Kinds of obsolete pesticides
One can find obsolete pesticides mainly in three forms:
1. Stocks in and around former storages or their remains with relative small amounts varying from several kg’s to tens or hundreds of tonnes (in exceptional cases up to thousand tonnes at individual locations). Distribution at at least tens of thousands of locations. Often this goes along with large amounts of empty packages and containers, contaminated sprayers, contaminated building materials and contaminated soils around the storage sites;
2. Stocks that are collection points in the former Soviet Union area, the so-called Polygons or burial sites.

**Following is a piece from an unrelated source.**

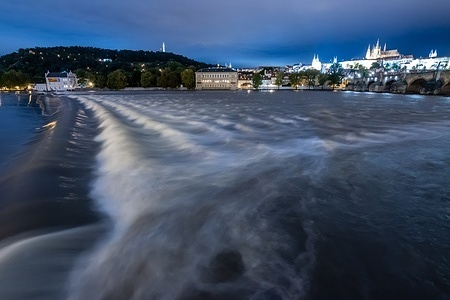 Waves seen at Vltava river during the rising water level in Prague with overview of historical part of the city including Prague Castle and Charles bridge. Heavy rains during the recent days have caused water levels to rise in Vltava river, which caused flood emergency warning. Floods caused by heavy rains have been battering region of central and eastern Europe, including Czech Republic, Poland, Austria, Slovakia and Romania since 13 September 2024.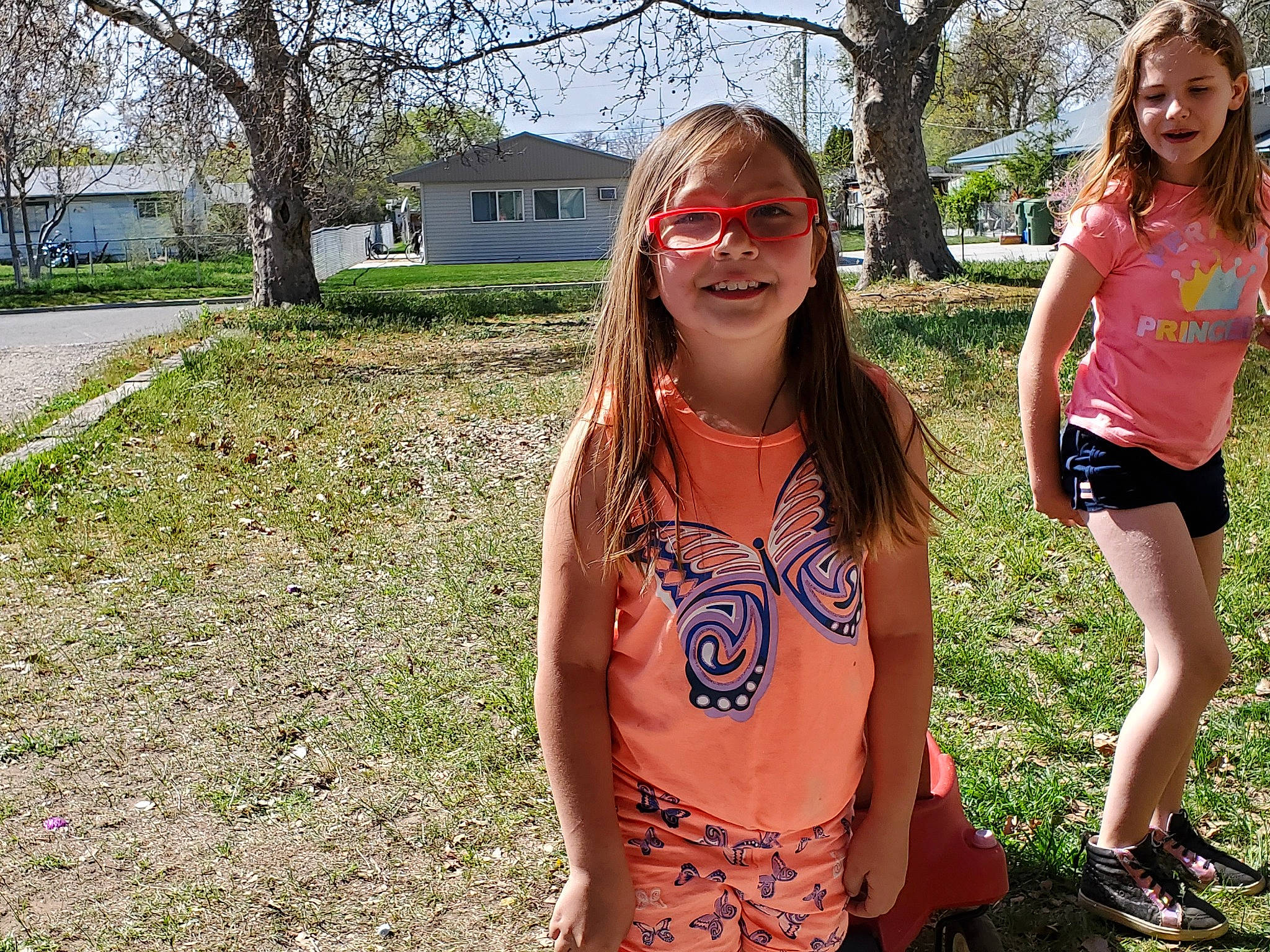 Estrella joined the competition — help win amazing prizes! eyewear, fawn, fun, glasses, grass, hair, happy, joy, long_hair, person, plant, recreation, shorts, shoulder, smile, spring, style, summer, sunglasses, t_shirt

These are special landfills designed for the controlled storage of outdated pesticides and other hazardous waste. The landfills were commonly fenced and guarded and all amounts have been accurately registered. However with the collapse of the Soviet Union’s central control system, Polygons were abandoned, fences were torn down, and pesticides were illegally excavated, repackaged and sold onto local market or exported by organized crime. Polygons – in the sheer nature of the concept – comprise a limited number of very large sites, often in combination with other hazardous waste.
3. Waste originating from the production of pesticides; the main component is HCH (hexachlorocyclohexane) waste stemming from production of Lindane. HCH waste is distributed on a limited number of sites, however with large amounts of waste varying from several tens of thousand to sometimes more than hundred(s) thousand tonnes.